As spring graduation approaches, many soon-to-be-alumni of the College of Engineering and Applied Science are looking forward to beginning new jobs with established companies. Some are ramping up plans to start their own businesses. But for computer science PhD student Aaron Schram – whose anticipated 2014 graduation is still a year away – the entrepreneurial dream is already a reality. Schram, co-founder and chief technology officer at Boulder-based Collective IP, took a break from the end of the spring semester to debut with his team the company’s new technology transfer information aggregator at the BIO International Convention, a major biotechnology conference and business forum held April 22-25 in Chicago.
“It’s incredibly exciting,” Schram says of the launch. “Our team is really a group of friends that decided to form a company – it took off last August, and it’s been a blur since then.”
Collective IP’s web-based search engine offers access to technologies and inventors from around the world, with technology listings from more than 1,000 sources of innovation – including universities, research institutes, hospitals, government labs, foundations, associations, agencies and patent offices. It also features a comprehensive index of research grants awarded to public and private universities so that companies can understand what is currently being studied across the world and what that might mean for licensable technologies in the future.

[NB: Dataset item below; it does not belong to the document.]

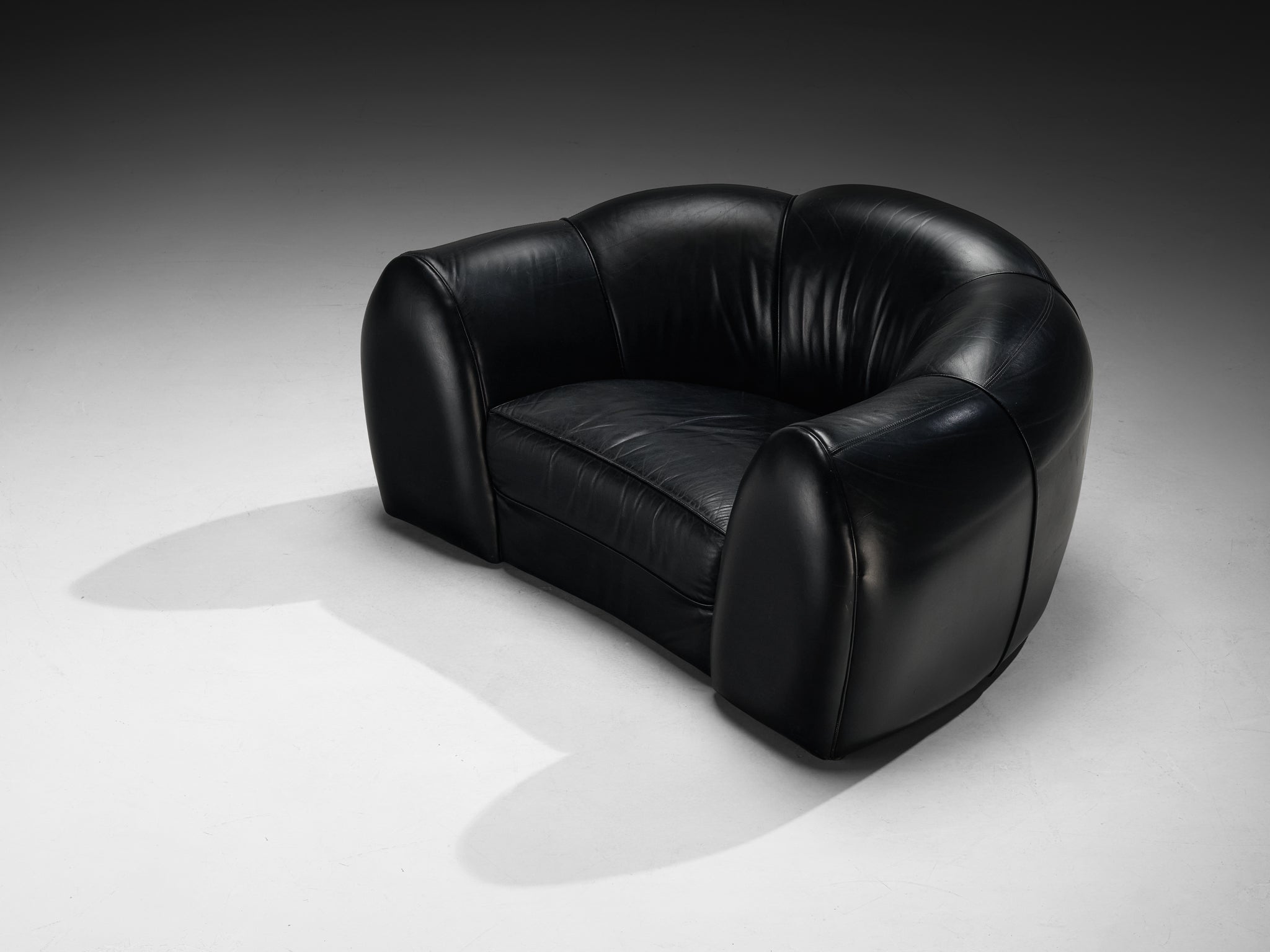 French Bulbous Croissant Shaped Loveseats or Lounge Chairs in Black Leather Seating Morentz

Other CU computer science graduates involved with the company include co-founder Ben Jacobson (BS ’10) and William Butler (BS ’03).
Since many technology transfer organizations currently feature opportunities on their own individual websites, Collective IP addresses a significant industry need: automating the aggregation of licensable technologies, streamlining the process of asset identification and helping to ensure that no potential assets are overlooked by those looking to license.
“With time-decaying assets such as granted patents, it is critical to gain immediate access to a comprehensive and accurate database for opportunity identification, due diligence, competitive intelligence and intellectual property strategy needs,” says Adam Rubenstein, president and CEO of Collective IP.
The service enables users to quickly search for global licensing opportunities by geography, asset type, organization and inventor. Technology transfer offices may claim free institution profiles at the site, making it simpler for business development professionals to identify and investigate new tech opportunities.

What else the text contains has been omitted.